It will be understood by those skilled in the art that all or part of the processes of the methods of the embodiments described above can be implemented by hardware related to instructions of a computer program, which can be stored in a non-volatile computer-readable storage medium, and when executed, can include the processes of the embodiments of the methods described above. Any reference to memory, storage, database, or other medium used in the embodiments provided herein may include non-volatile and/or volatile memory, among others. Non-volatile memory can include read-only memory (ROM), Programmable ROM (PROM), Electrically Programmable ROM (EPROM), Electrically Erasable Programmable ROM (EEPROM), or flash memory. Volatile memory can include Random Access Memory (RAM) or external cache memory. By way of illustration and not limitation, RAM is available in a variety of forms such as Static RAM (SRAM), Dynamic RAM (DRAM), Synchronous DRAM (SDRAM), Double Data Rate SDRAM (DDRSDRAM), Enhanced SDRAM (ESDRAM), Synchronous Link DRAM (SLDRAM), Rambus Direct RAM (RDRAM), direct bus dynamic RAM (DRDRAM), and memory bus dynamic RAM (RDRAM).
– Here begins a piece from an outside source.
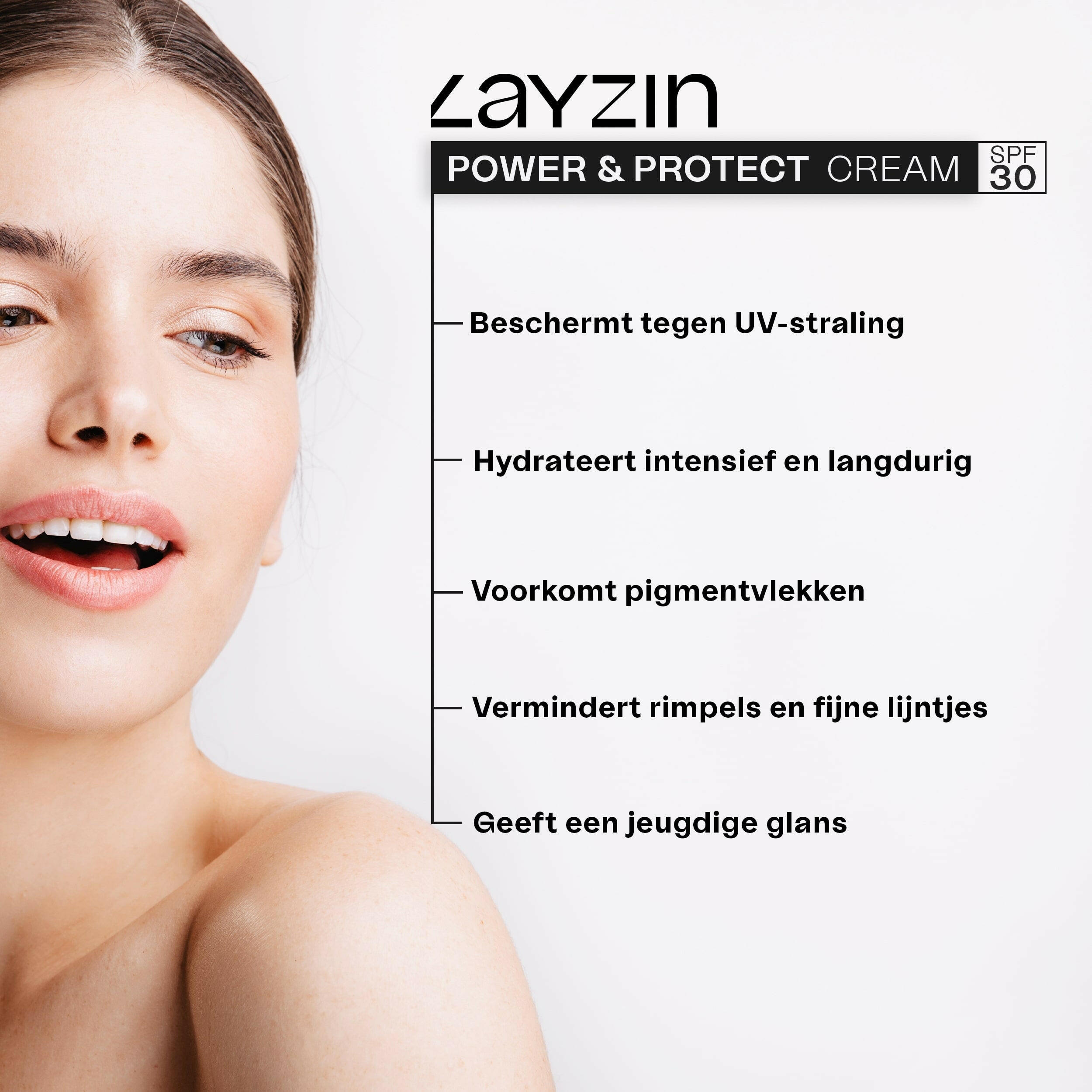 LAYZIN Power en Protect Cream  spf30 PFAS-vrije creme met SPF30 voor huidbescherming en huidverbetering 50ml power and protect cream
The technical features of the above embodiments can be arbitrarily combined, and for the sake of brevity, all possible combinations of the technical features in the above embodiments are not described, but should be considered as the scope of the present specification as long as there is no contradiction between the combinations of the technical features.

The above examples only express several embodiments of the present application, and the description thereof is more specific and detailed, but not construed as limiting the scope of the invention. It should be noted that, for a person skilled in the art, several variations and modifications can be made without departing from the concept of the present application, which falls within the scope of protection of the present application. Therefore, the protection scope of the present patent shall be subject to the appended claims.

Claims (10)

1. An application program operation monitoring method, the method comprising:

receiving an entry operation of a module code written based on a preset frame, and detecting whether the entered module code contains a target statement of a preset type or not according to the entry operation through an information marking component in the preset frame, wherein the target statement contains a statement capable of representing the running condition of a corresponding application program;

if yes, generating a corresponding target label and label description according to the target statement, associating the target label with the label description, storing the associated label description to a specified directory, adding the target label to the position of the target statement in the module code, and distinguishing different display states of the same page through a page identifier and a state identifier;

when a compiling instruction is received, generating a callback instruction of an information extraction component in a preset frame, so that the information extraction component traverses the module code according to the callback instruction and the compiling instruction, and extracting the target tag, wherein the target tag comprises a page jump tag; acquiring a label description corresponding to the page jump label from a specified directory; the label description comprises a plurality of page identifications and a jump relation among the page identifications;

sending the label description to a server, and enabling the server to construct a page jump monitoring graph of an application program corresponding to the module codes by taking the page identifications as nodes and taking jump relations among the page identifications as directed edges according to the received label descriptions corresponding to the module codes respectively;

and receiving a page jump monitoring graph returned by the server.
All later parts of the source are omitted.